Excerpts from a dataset
================

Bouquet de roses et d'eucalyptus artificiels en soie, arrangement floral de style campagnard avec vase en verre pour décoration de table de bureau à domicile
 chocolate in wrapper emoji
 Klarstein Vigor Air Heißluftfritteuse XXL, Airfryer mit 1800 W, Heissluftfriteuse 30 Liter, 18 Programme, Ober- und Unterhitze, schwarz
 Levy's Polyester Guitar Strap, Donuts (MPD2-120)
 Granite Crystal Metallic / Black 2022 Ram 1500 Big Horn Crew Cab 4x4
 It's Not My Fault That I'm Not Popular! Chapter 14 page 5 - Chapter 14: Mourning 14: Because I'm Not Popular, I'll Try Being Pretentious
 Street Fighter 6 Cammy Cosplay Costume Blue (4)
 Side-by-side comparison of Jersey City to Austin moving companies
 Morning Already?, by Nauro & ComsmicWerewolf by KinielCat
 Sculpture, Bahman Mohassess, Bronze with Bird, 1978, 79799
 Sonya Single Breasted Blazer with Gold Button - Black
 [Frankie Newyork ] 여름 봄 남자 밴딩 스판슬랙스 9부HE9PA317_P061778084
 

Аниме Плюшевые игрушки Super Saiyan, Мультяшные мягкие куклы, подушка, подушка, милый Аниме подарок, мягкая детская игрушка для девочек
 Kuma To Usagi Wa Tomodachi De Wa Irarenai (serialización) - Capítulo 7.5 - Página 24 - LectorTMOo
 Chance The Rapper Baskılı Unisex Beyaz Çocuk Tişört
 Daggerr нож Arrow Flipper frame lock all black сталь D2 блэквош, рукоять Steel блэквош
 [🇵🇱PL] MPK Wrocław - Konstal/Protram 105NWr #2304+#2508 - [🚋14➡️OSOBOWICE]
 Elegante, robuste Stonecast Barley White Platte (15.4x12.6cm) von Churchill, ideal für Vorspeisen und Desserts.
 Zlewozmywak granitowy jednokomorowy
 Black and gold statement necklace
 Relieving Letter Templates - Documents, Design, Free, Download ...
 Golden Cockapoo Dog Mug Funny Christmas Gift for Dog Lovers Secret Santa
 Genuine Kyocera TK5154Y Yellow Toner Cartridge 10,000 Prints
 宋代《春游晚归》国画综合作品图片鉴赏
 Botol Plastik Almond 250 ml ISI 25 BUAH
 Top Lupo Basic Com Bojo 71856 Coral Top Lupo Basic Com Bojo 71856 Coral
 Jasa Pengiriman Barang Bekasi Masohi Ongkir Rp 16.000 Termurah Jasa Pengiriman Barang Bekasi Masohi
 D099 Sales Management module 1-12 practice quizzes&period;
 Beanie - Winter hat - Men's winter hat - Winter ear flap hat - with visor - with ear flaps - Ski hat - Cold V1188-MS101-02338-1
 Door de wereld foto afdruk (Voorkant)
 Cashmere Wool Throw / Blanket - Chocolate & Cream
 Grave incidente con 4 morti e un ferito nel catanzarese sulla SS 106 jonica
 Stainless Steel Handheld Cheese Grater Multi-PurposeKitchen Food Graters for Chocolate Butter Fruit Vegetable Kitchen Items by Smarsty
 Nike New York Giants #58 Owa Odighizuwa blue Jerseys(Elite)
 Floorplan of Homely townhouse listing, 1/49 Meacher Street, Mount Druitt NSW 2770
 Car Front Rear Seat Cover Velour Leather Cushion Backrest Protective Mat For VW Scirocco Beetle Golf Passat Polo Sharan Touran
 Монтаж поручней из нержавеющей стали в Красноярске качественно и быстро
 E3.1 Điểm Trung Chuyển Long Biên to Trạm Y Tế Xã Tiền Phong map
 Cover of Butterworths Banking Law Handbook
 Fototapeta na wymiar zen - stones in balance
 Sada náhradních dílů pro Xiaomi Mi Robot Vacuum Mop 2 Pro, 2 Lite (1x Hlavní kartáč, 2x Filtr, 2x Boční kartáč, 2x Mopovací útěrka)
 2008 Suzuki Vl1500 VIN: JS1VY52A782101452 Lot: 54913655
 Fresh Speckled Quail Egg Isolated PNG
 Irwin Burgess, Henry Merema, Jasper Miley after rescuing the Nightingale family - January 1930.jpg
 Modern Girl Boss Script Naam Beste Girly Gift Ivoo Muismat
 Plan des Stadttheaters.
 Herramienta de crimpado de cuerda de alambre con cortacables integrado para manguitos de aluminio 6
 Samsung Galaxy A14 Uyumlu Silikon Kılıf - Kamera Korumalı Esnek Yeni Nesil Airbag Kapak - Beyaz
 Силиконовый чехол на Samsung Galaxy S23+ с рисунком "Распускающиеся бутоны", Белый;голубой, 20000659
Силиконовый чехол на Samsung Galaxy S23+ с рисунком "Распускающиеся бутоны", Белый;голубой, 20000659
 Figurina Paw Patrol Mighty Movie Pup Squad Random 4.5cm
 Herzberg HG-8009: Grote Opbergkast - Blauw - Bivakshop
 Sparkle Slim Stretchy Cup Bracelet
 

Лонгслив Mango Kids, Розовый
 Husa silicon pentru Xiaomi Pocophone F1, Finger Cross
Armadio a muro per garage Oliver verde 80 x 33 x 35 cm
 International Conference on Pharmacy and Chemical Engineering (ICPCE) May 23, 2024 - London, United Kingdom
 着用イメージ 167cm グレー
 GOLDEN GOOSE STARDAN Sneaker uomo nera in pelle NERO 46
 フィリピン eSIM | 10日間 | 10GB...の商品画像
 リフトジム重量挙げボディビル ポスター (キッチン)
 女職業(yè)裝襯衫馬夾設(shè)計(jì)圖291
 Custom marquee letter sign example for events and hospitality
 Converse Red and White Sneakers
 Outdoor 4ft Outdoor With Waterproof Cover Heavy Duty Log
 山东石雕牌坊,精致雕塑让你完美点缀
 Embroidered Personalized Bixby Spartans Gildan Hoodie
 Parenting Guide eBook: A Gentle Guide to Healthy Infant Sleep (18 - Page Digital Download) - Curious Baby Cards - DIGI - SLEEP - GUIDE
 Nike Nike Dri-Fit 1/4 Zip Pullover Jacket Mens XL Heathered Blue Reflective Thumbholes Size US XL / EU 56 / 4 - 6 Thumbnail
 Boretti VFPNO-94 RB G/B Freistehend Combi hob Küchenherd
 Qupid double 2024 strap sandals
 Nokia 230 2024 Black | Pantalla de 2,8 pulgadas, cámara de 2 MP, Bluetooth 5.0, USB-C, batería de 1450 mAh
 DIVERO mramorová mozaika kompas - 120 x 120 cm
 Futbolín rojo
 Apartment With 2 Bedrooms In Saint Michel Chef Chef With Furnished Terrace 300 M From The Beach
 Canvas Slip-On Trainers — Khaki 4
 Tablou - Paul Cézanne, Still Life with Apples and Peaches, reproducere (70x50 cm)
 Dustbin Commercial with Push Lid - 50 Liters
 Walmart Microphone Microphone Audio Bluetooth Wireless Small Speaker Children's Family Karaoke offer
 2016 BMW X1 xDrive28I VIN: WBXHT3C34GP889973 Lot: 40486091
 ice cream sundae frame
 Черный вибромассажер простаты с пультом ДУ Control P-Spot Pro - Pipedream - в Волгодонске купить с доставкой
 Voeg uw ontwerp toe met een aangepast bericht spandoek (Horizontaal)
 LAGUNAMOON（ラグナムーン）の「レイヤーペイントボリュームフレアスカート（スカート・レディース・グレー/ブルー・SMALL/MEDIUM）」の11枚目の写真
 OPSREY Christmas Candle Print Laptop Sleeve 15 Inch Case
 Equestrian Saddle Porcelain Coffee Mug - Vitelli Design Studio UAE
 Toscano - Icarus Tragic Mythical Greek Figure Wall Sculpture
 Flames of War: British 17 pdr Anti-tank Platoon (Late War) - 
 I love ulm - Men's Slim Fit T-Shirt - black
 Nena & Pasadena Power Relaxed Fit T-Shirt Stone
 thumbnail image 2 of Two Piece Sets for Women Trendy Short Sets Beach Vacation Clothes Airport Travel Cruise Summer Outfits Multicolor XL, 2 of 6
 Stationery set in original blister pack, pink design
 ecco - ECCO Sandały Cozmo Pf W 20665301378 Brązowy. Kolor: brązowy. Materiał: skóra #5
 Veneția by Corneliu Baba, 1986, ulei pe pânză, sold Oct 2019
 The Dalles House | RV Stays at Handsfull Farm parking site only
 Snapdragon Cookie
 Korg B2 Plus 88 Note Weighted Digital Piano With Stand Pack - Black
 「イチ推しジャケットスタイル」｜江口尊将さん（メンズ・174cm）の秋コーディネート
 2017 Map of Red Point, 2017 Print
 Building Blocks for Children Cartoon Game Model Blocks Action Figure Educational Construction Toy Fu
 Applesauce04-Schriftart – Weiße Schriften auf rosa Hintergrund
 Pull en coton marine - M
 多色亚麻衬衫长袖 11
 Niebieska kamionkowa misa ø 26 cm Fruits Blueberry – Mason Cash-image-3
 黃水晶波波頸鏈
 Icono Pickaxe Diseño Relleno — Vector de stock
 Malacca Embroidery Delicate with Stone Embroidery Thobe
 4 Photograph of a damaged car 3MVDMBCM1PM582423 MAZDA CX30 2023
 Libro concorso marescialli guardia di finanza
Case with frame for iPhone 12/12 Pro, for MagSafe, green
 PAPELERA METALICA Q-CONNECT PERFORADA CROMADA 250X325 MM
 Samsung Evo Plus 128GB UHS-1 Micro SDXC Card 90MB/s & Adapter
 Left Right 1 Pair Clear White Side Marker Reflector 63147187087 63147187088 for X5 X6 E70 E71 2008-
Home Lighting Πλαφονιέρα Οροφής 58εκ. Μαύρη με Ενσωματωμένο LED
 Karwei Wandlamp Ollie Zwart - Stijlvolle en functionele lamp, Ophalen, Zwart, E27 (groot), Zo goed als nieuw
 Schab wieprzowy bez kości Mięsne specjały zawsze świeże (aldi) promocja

================

• EXERCISE PROMPT:
From the records above, extract exactly and only the lines that begin at the line with "Fresh Speckled Quail Egg Isolated PNG" and stop after the line with "Parenting Guide eBook: A".

• SOLUTION FOR THIS EXERCISE:
 Fresh Speckled Quail Egg Isolated PNG
 Irwin Burgess, Henry Merema, Jasper Miley after rescuing the Nightingale family - January 1930.jpg
 Modern Girl Boss Script Naam Beste Girly Gift Ivoo Muismat
 Plan des Stadttheaters.
 Herramienta de crimpado de cuerda de alambre con cortacables integrado para manguitos de aluminio 6
 Samsung Galaxy A14 Uyumlu Silikon Kılıf - Kamera Korumalı Esnek Yeni Nesil Airbag Kapak - Beyaz
 Силиконовый чехол на Samsung Galaxy S23+ с рисунком "Распускающиеся бутоны", Белый;голубой, 20000659
Силиконовый чехол на Samsung Galaxy S23+ с рисунком "Распускающиеся бутоны", Белый;голубой, 20000659
 Figurina Paw Patrol Mighty Movie Pup Squad Random 4.5cm
 Herzberg HG-8009: Grote Opbergkast - Blauw - Bivakshop
 Sparkle Slim Stretchy Cup Bracelet
 

Лонгслив Mango Kids, Розовый
 Husa silicon pentru Xiaomi Pocophone F1, Finger Cross
Armadio a muro per garage Oliver verde 80 x 33 x 35 cm
 International Conference on Pharmacy and Chemical Engineering (ICPCE) May 23, 2024 - London, United Kingdom
 着用イメージ 167cm グレー
 GOLDEN GOOSE STARDAN Sneaker uomo nera in pelle NERO 46
 フィリピン eSIM | 10日間 | 10GB...の商品画像
 リフトジム重量挙げボディビル ポスター (キッチン)
 女職業(yè)裝襯衫馬夾設(shè)計(jì)圖291
 Custom marquee letter sign example for events and hospitality
 Converse Red and White Sneakers
 Outdoor 4ft Outdoor With Waterproof Cover Heavy Duty Log
 山东石雕牌坊,精致雕塑让你完美点缀
 Embroidered Personalized Bixby Spartans Gildan Hoodie
 Parenting Guide eBook: A Gentle Guide to Healthy Infant Sleep (18 - Page Digital Download) - Curious Baby Cards - DIGI - SLEEP - GUIDE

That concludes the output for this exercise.